Face aux scandales de fraude et de corruption, les organisations ont renforcé leurs systèmes de compliance. Codes de conduite, procédures, contrôles et sanctions dessinent une architecture censée réduire les risques et démontrer une tolérance zéro.
Mais cette logique a un revers. Derrière l’apparente solidité du système se cache une réalité plus fragile : mal-être au travail, perte de sens, climat de méfiance. La compliance réduit l’éthique à l’obéissance, au lieu de stimuler le jugement moral. Elle crée une culture du contrôle, plus qu’une culture de l’intégrité.
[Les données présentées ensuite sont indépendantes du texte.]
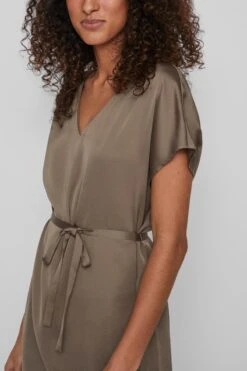 Vila Jurk Viellette V-neck S/s Dress/su - Noo 14078865 Walnut Dames Maat - 38 -Trendyo Trendy Winkel 800x1200 348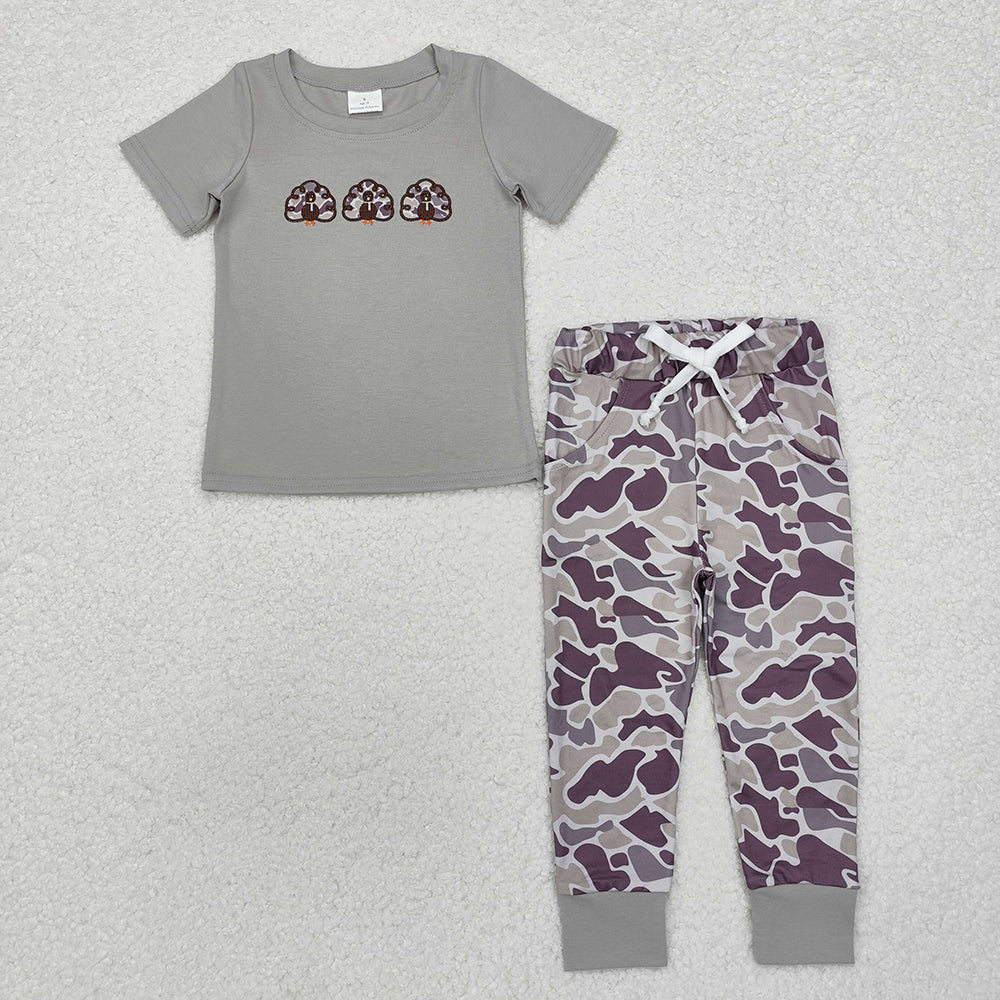 Baby Boys Thanksgiving Turkey Top Camo Pants Clothes Sets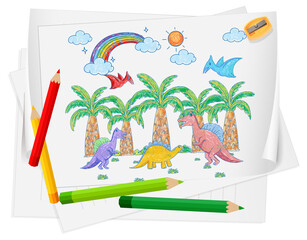 A paper with a doodle sketch design with color and colour pencils © GraphicsRF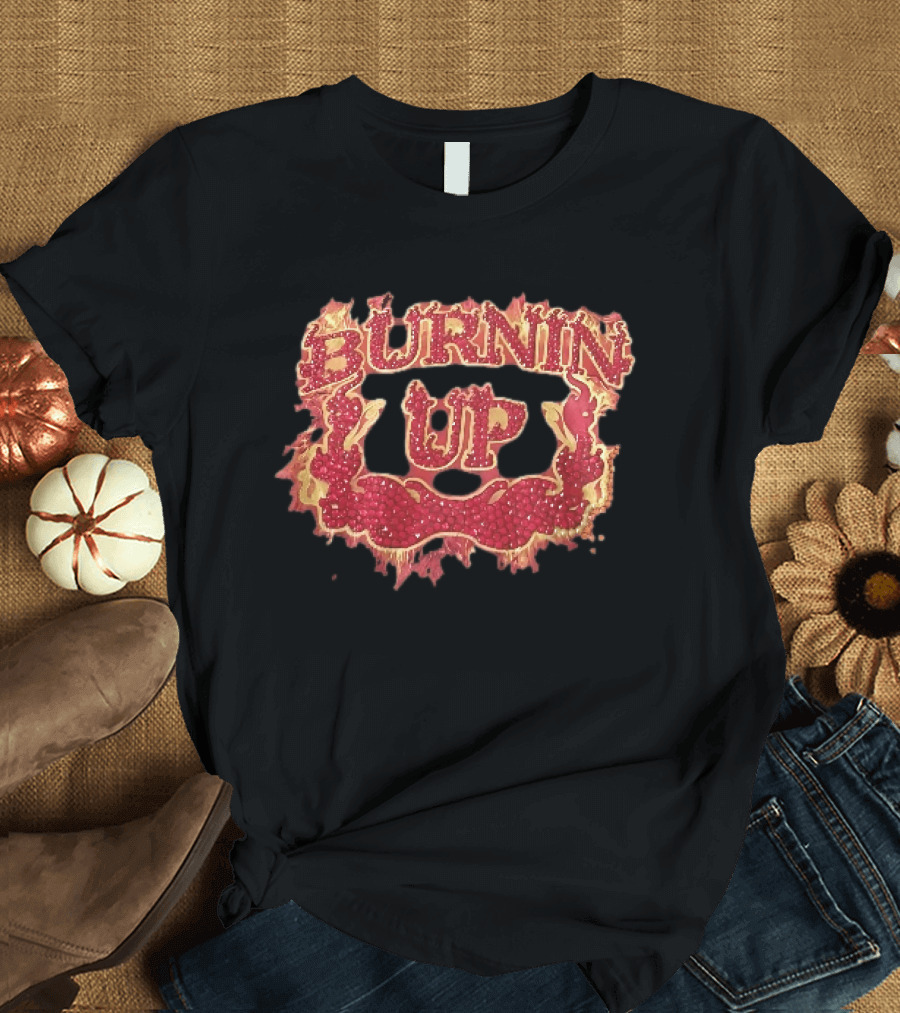 Burnin Up Red Rhinestone Gemstone Lettering Flaming Crest Frame Fiery T-Shirt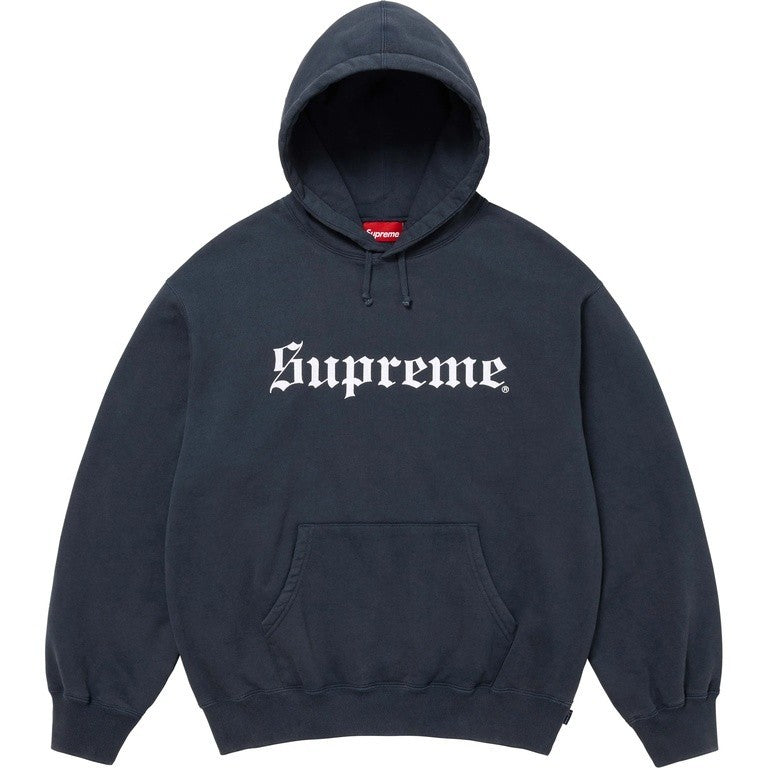 Supreme Washed Old English Hooded Sweatshirt Navy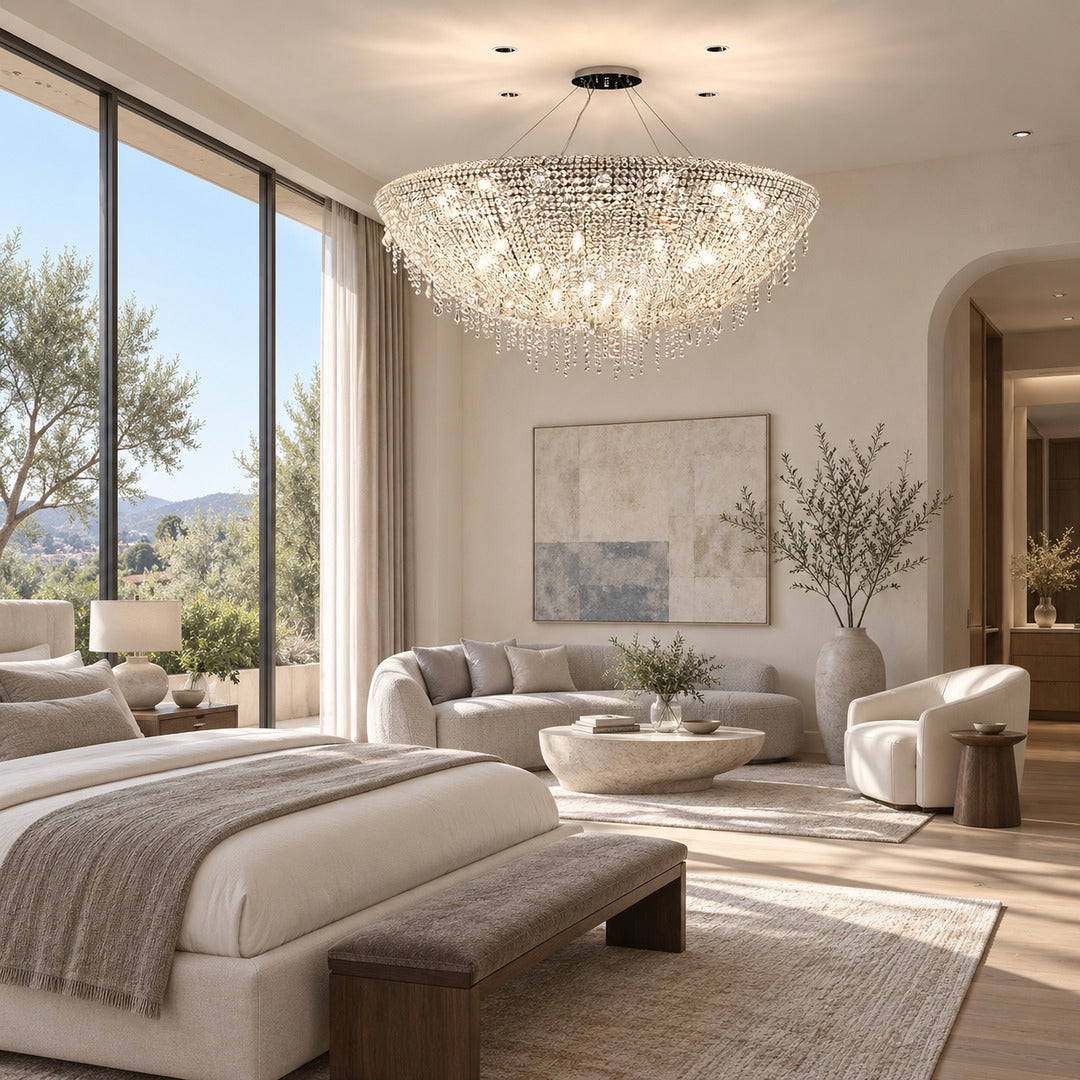 Fiocco crystal chandelier creating a glamorous glow in a primary bedroom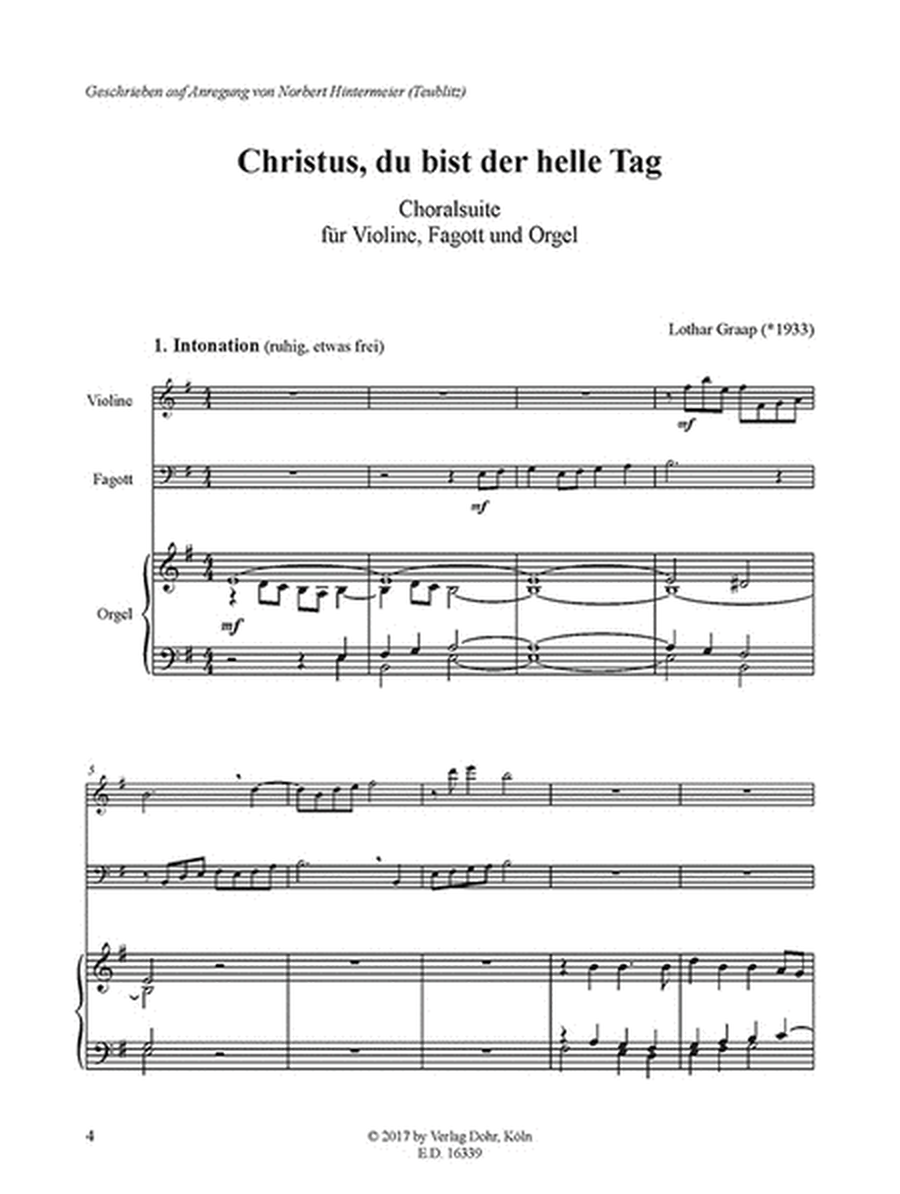 Christus, du bist der helle Tag -Choralsuite für Violine, Fagott und Orgel-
Les effets pervers du contrôle
Un dispositif centré sur la conformité peut générer des tensions importantes. Les employés vivent la règle comme une contrainte lointaine déconnectée de leurs dilemmes quotidiens.
La pression à l’obéissance engendre souvent anxiété, peur de l’erreur, ou découragement. Dans certains cas, le système finit par miner la motivation, plutôt que de la renforcer. Il ignore aussi des dimensions invisibles mais décisives : les biais implicites, les normes sociales, les discriminations de genre, les dynamiques de pouvoir. Autant de facteurs qui façonnent les comportements éthiques dans les organisations.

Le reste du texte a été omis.